■ WHAT YOU WILL DO
Write out the records in full and without alteration, setting aside their pictures.

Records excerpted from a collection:
- - - - - - -
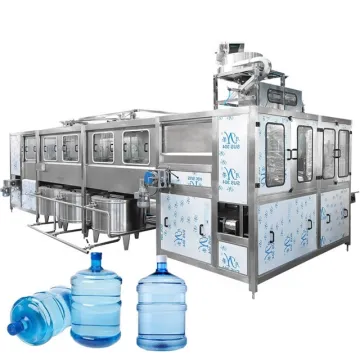 Automatic 5 Gallon Barrel and 19L Bottle Water Filling Line Machine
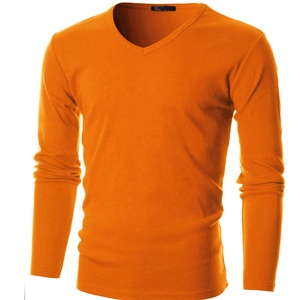 <b>Men's</b> Long Sleeve Double Collar <b>V</b>-<b>Neck</b> <b>Shirt</b> Breathable Long Sleeve <b>Shirt</b> Features a <b>V</b>-<b>neck</b> Tee - Product Image 2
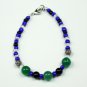 Jade and Obsidian Beaded Bracelet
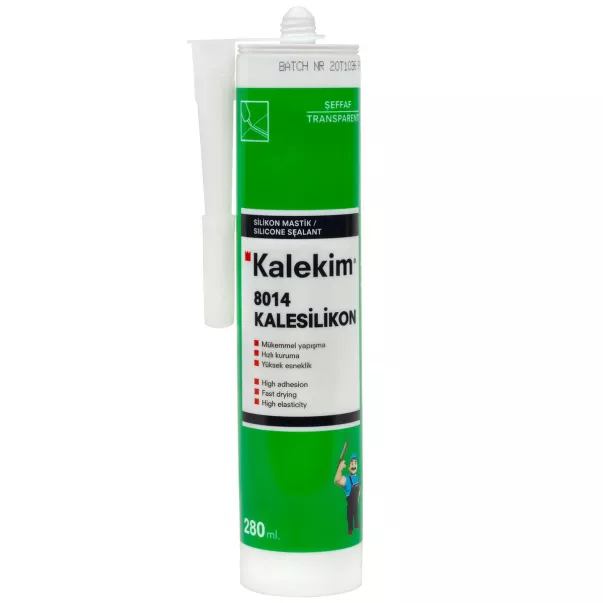Силіконовий герметик Kalekim 8014 (280 мл), прозорий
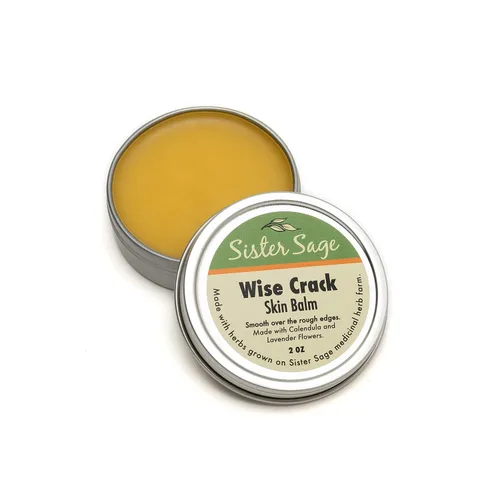Miniatura 5 de Wise Crack Skin Balm, bálsamo de manos 100% natural rico con manteca de karité (4 onzas)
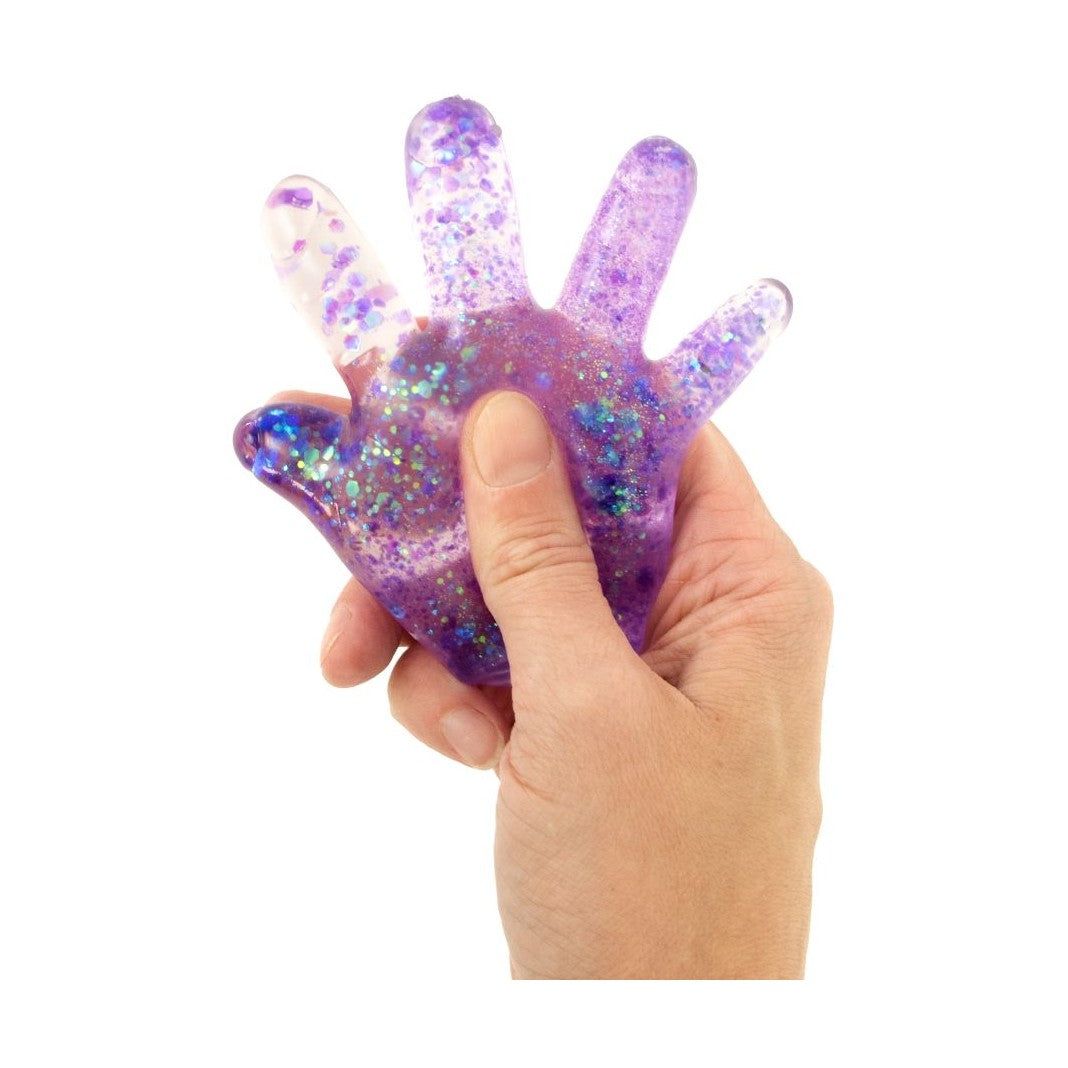 Sparkly Squishy High Five Hand Sensory Toy-Keycraft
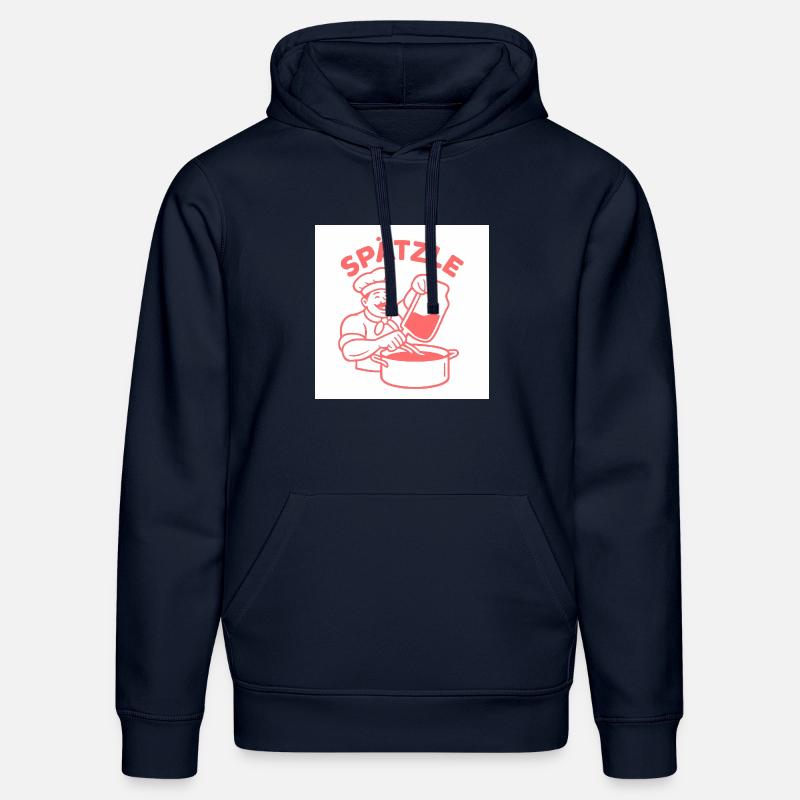 Spätzle - Sweat à capuche bio DRUMMER Stanley/Stella Unisexe - bleu marine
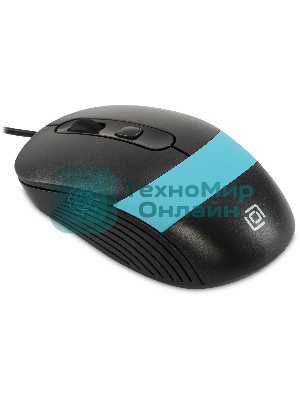 Мышь проводная Oklick 310M черный/синий, 2400 dpi, USB, кнопки - 4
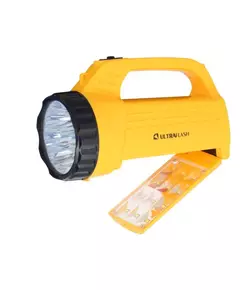 Фонарь LED3819CSM (аккум 220В желт. 9LED +12SMD LED 2 режима SLA) Ultraflash 12102/12860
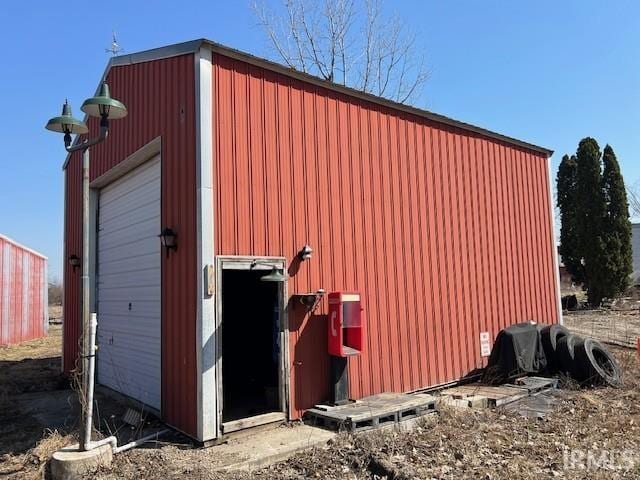 view of outbuilding featuring an outdoor structure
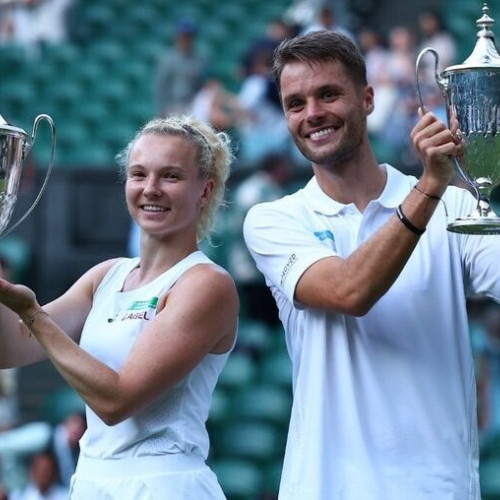 S-a acordat primul trofeu la Wimbledon 2025: Verbeek şi Siniakova au câştigat titlul la dublu mixt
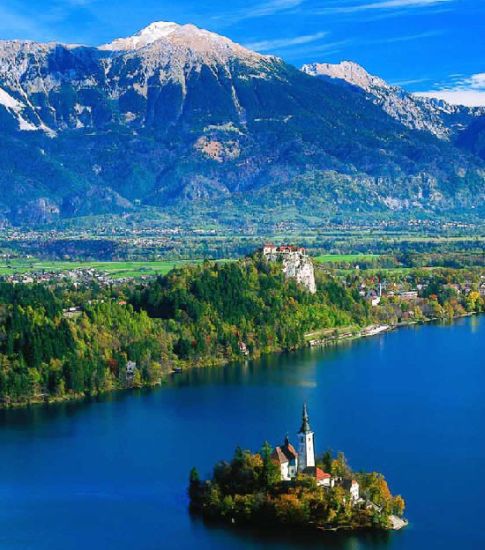 Lake Bled in Slovenia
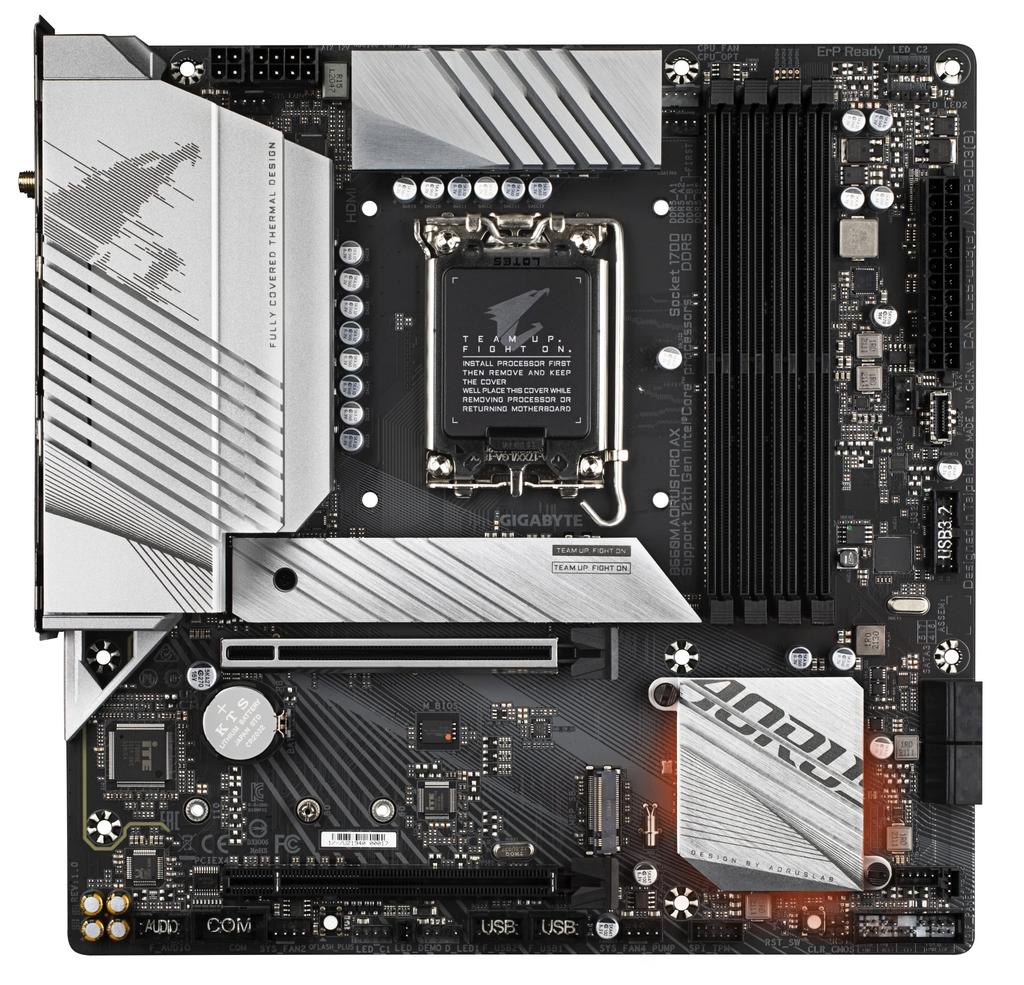 GIGABYTE B660M AORUS PRO AX Motherboard Intel B660 MB5743 Rev.1.x Micro-ATX [With Chipset]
- - - - - - -
■ TASK RESPONSE
 Automatic 5 Gallon Barrel and 19L Bottle Water Filling Line Machine
 <b>Men's</b> Long Sleeve Double Collar <b>V</b>-<b>Neck</b> <b>Shirt</b> Breathable Long Sleeve <b>Shirt</b> Features a <b>V</b>-<b>neck</b> Tee - Product Image 2
 Jade and Obsidian Beaded Bracelet
Силіконовий герметик Kalekim 8014 (280 мл), прозорий
Miniatura 5 de Wise Crack Skin Balm, bálsamo de manos 100% natural rico con manteca de karité (4 onzas)
 Sparkly Squishy High Five Hand Sensory Toy-Keycraft
 Spätzle - Sweat à capuche bio DRUMMER Stanley/Stella Unisexe - bleu marine
 Мышь проводная Oklick 310M черный/синий, 2400 dpi, USB, кнопки - 4
 Фонарь LED3819CSM (аккум 220В желт. 9LED +12SMD LED 2 режима SLA) Ultraflash 12102/12860
 view of outbuilding featuring an outdoor structure
 S-a acordat primul trofeu la Wimbledon 2025: Verbeek şi Siniakova au câştigat titlul la dublu mixt
 Lake Bled in Slovenia
 GIGABYTE B660M AORUS PRO AX Motherboard Intel B660 MB5743 Rev.1.x Micro-ATX [With Chipset]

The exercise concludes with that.